Is your phone more of a bridge or a barrier to the people around you?

Welcome back to the March Mentor Minute! This month, we’re focusing on the impact that screens and devices have on Gen Z, and how we as mentors can help teach/model a healthier approach to screen time. Here’s a question for you to consider this week…

Is your phone more of a bridge or a barrier to the people around you?

In other words, do you use your phone more to build relationships with the people around you or to put up a barrier between you and them?

As adults, it’s easy to assume that students use their phones as barriers, but that’s not always the case. In fact, there can actually be a lot of bridge-building going on among Gen Z when they are sitting together on their phones. Just think back to last week and how Gen Z spends most of their 5.15 hours on their smartphones: playing video games, streaming video/TV, listening to music, and scrolling through social media feeds.

All of those ways can be done in the context of building a bridge with the people around you. For example, students will often hang out together and play video games with/against each other on their phones.

That’s building a bridge.

Or, they’ll watch or share the same movie/TV show or Youtube video on their phones and talk about it together.

That’s also building a bridge.

Same thing with listening to music together and sharing funny memes from their social media feeds…all of these things can be done in the context of building relationships with the people around you.

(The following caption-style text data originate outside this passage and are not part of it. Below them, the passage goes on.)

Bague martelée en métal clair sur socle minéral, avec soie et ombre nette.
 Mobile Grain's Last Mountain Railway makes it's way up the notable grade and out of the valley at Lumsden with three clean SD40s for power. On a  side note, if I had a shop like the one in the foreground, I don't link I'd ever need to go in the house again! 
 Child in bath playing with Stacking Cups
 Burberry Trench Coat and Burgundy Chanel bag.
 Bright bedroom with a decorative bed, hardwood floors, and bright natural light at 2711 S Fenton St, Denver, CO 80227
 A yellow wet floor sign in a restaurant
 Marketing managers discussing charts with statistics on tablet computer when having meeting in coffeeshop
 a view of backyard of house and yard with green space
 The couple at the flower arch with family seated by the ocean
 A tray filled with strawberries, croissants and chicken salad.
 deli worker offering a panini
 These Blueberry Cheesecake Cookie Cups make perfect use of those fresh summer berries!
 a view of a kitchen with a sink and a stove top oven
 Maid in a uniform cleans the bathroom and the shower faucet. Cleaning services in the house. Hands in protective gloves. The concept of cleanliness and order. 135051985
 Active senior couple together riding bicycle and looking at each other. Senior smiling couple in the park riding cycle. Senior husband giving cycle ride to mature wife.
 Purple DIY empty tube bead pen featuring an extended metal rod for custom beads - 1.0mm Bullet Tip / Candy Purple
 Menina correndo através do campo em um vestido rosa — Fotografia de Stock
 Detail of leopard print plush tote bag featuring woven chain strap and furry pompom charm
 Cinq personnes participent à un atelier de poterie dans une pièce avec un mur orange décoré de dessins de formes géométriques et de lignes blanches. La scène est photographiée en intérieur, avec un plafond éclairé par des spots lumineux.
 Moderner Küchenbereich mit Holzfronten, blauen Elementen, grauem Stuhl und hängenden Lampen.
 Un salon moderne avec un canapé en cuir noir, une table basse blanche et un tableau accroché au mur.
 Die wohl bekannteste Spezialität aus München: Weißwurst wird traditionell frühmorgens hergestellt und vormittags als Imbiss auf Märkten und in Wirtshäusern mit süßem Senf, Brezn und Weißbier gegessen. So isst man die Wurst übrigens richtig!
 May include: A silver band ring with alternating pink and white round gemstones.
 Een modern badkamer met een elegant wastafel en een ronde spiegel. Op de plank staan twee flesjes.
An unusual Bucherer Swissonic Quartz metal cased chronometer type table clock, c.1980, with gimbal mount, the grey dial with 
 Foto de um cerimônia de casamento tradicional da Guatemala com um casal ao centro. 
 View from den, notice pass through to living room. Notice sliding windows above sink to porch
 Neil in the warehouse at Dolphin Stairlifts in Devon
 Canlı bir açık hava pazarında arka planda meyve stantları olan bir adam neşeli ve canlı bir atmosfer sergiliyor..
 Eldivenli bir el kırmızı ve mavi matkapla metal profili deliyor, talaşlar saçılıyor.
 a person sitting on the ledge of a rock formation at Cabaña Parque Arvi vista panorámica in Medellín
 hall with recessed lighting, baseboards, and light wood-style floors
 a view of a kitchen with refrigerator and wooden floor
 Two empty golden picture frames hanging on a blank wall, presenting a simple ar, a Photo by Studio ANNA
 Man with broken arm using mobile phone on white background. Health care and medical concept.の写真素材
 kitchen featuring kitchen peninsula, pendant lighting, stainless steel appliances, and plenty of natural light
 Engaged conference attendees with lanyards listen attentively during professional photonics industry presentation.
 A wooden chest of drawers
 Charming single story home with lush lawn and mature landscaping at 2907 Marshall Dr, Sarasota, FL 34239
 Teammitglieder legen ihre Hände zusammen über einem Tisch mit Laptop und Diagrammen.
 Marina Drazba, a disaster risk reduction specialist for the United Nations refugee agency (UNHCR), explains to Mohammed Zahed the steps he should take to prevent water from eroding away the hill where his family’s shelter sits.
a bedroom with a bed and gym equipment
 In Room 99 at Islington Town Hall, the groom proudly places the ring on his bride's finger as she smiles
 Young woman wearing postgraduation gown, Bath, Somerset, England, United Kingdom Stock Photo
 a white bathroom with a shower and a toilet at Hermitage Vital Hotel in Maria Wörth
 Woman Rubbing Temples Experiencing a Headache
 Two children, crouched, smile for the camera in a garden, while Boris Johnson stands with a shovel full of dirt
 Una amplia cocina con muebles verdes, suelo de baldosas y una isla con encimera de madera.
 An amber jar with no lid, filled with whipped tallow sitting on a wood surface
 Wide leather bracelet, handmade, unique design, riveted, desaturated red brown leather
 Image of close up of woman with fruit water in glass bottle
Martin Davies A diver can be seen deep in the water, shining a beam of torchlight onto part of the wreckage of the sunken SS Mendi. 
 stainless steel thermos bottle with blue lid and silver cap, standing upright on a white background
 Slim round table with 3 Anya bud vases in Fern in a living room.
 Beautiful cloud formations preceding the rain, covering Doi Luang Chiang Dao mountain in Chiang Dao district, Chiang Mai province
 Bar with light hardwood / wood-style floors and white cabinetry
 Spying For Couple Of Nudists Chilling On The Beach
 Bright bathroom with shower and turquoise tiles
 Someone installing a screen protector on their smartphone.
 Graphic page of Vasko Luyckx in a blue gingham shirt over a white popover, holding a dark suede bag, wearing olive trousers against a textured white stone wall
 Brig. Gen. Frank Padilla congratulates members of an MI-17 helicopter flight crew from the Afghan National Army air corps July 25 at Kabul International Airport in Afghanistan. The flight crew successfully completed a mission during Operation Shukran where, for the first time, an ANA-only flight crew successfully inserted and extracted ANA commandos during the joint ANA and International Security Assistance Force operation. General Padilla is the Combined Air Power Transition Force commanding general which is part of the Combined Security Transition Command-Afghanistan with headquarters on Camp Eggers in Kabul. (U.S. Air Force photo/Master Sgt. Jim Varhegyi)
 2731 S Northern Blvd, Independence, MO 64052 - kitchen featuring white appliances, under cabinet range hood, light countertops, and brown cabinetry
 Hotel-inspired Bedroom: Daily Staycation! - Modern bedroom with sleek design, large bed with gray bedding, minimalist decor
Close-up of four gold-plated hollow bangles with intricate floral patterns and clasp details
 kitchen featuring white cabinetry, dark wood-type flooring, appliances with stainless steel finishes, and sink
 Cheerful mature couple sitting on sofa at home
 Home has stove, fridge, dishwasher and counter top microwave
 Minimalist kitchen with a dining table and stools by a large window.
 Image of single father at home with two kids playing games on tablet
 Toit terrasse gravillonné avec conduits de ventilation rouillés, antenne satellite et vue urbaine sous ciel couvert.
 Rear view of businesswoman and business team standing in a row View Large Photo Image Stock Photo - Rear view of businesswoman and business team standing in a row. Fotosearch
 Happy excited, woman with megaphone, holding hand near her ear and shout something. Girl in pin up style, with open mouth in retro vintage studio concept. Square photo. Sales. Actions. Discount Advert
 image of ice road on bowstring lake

The downside (of course) is that all of these things can also be done for the purpose of putting up a barrier. Our phones can become like little “stop signs” that say “leave me alone” to the people around us. And, students can be pretty good at using them for that purpose too.

As mentors, we can teach/model a healthier approach to screen time by using our own phones more as bridges and less as barriers. We can also use our phones to build bridges with our students when we are together by learning to do some of the same things they like to do with each other.

In that one hour we are together, we can…

 -Learn to play a new video game together
– Share YouTube videos and talk about them
– Listen to music together
– Share funny memes from your social media feeds.